So, I got this nice little Ibanez AF-55, sort of a clone of the classic hollow-body Gibson ES-175. Whatever.
The last time I was fooling with the guitar, after I'd given up rock guitar and went into rock/jazz/classical piano, I remembered it being pretty easy to do rootless chords (up to the 13th, but at least to the 9th).
Using, really, just the top three strings. I don't remember how I figured it out, but definitely not "cowboy chords." Just the kinds of simple chords (usually omit the root and the plain fifth, on the principle that it's really the third and the seventh that define a harmony in the context of a full band) that people use to comp in, say, bebop style and after.

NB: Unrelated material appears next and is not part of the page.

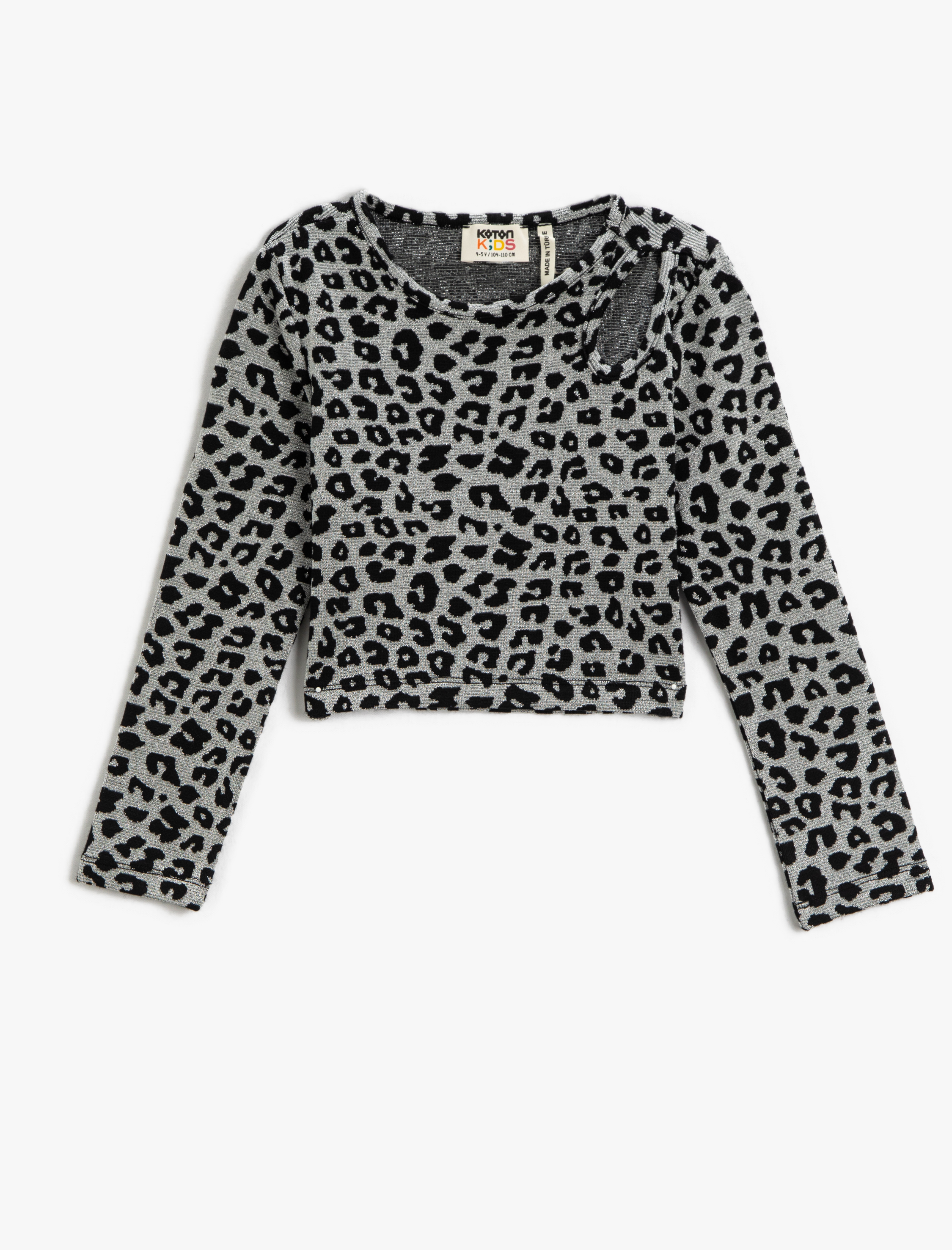  Kız Çocuk Crop Tişört Uzun Kollu Leopar Desenli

I don't have the energy to just blindly pluck around or transcribe random bits from Wes or Grant Green or Jim Hall.
When I Bing or Google, there's just the usual garbage from some self-promoting turds. Difficult to find just a basic syllabus of chords up to the 13th ommitting redundant notes.
Anyone know of a reliable resource for actual rootless voicings on guitar, played on the top strings?
Alternatively, this could be a good chance to actually learn to properly read music at the guitar fretboard. Yeah, yeah, I know about tablature notation, but I'm not going to read tab somebody else made, which probably is inaccurate anyway, and if I make more transcriptions, it'll be in standard notation, like an actual musician.
I can certainly make those voicings conceptually and at the keyboard, and translate it to the fretboard, but I think a little crib or syllabary would help me get some feeling back in the fingers at the fretboard (and the other hand) without it being such a chore.
Making improvised lines, that's not so much a problem for me: I can just sound it out, and that's fun for me.